> [Exercise inputs]:
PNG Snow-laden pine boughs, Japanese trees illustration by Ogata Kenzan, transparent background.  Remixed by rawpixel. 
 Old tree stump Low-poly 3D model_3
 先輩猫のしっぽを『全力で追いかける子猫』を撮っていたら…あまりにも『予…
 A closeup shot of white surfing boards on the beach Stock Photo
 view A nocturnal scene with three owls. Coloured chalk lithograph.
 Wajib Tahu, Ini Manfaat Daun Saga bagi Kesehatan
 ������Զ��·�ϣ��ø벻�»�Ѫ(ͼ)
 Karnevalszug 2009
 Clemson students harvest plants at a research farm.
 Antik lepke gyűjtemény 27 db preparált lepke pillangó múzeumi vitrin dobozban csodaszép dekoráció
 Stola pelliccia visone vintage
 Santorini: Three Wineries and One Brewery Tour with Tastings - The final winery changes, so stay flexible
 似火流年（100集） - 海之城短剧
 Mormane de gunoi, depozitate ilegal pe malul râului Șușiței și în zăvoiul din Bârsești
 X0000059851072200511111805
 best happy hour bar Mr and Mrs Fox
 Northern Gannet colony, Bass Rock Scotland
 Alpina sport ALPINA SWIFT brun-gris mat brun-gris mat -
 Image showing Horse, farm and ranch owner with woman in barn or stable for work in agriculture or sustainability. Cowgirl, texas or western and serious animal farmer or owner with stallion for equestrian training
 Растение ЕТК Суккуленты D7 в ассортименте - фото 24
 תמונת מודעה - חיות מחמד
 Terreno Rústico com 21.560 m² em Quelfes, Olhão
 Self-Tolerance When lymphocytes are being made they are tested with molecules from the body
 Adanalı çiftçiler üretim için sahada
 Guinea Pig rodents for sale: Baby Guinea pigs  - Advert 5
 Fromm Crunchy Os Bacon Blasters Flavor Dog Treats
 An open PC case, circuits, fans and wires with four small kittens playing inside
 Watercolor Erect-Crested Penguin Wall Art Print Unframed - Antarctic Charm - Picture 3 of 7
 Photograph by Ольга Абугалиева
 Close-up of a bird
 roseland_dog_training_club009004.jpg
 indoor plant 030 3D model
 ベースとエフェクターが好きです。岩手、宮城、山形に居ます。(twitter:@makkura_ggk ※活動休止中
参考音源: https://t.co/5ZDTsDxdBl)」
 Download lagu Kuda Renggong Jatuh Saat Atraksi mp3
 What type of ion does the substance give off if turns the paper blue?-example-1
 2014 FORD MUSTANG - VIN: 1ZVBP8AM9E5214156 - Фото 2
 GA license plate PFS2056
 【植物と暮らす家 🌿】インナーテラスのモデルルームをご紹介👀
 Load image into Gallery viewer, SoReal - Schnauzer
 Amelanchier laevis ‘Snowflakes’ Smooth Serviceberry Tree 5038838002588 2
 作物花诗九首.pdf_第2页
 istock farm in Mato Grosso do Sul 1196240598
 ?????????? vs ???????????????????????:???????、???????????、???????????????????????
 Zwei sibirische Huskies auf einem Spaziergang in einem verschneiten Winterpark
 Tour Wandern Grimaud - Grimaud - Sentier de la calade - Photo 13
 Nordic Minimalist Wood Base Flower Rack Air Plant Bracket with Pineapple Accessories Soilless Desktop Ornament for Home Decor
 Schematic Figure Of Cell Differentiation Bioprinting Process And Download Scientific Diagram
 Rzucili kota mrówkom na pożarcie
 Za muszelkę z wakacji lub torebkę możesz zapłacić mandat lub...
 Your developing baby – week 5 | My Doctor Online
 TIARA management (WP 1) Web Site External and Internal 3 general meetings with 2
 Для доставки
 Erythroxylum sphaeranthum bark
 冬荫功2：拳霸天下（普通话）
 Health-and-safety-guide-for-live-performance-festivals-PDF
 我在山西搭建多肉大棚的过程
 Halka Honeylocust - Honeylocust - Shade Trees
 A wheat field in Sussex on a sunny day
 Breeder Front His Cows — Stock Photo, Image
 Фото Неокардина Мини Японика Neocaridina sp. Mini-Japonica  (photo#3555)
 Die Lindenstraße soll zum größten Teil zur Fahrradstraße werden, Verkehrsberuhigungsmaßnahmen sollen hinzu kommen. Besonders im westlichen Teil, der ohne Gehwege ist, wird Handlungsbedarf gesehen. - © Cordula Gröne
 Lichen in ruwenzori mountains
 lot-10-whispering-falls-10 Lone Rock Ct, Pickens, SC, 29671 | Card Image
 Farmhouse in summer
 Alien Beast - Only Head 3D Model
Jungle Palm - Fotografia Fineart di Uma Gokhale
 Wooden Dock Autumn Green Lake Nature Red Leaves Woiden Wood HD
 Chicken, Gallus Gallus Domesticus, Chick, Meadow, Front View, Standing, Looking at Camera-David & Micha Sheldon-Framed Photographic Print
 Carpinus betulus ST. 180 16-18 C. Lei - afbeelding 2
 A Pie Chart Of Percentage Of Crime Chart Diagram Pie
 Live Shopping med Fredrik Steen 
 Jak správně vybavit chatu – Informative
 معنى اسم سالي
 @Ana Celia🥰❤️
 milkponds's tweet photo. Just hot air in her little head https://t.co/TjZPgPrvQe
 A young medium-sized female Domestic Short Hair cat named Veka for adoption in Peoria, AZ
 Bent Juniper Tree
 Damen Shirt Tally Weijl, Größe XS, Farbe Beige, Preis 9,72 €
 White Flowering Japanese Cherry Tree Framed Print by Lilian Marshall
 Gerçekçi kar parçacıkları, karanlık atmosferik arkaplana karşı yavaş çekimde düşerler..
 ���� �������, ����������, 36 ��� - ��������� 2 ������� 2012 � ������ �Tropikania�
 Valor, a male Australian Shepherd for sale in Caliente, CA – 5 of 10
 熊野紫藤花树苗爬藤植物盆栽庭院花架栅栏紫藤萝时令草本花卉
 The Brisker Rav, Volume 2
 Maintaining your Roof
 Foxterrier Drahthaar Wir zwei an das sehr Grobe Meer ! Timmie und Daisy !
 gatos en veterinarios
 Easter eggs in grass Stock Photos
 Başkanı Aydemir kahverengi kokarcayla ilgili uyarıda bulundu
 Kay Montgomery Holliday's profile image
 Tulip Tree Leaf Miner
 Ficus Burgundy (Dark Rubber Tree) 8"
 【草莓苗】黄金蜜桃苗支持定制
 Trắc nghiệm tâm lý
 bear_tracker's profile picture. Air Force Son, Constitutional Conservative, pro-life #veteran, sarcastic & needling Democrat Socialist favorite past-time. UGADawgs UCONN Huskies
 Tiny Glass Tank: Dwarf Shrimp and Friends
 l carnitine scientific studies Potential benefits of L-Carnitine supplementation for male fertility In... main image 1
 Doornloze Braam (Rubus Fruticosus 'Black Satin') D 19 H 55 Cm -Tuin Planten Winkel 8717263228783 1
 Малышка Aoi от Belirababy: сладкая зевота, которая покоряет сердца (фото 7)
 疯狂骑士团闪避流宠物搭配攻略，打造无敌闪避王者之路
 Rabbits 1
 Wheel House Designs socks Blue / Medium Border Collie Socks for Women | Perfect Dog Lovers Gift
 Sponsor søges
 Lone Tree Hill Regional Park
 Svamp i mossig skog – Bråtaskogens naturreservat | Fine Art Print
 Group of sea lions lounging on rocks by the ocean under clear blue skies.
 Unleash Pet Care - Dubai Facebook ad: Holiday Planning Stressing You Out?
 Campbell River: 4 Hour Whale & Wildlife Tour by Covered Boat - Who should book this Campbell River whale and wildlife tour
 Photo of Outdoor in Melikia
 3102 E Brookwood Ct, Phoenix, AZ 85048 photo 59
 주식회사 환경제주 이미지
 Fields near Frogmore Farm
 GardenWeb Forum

> [Assignment]: Within this listing, how many lines hold "sale"? Give the number alone.

> [Answer to the problem]: 2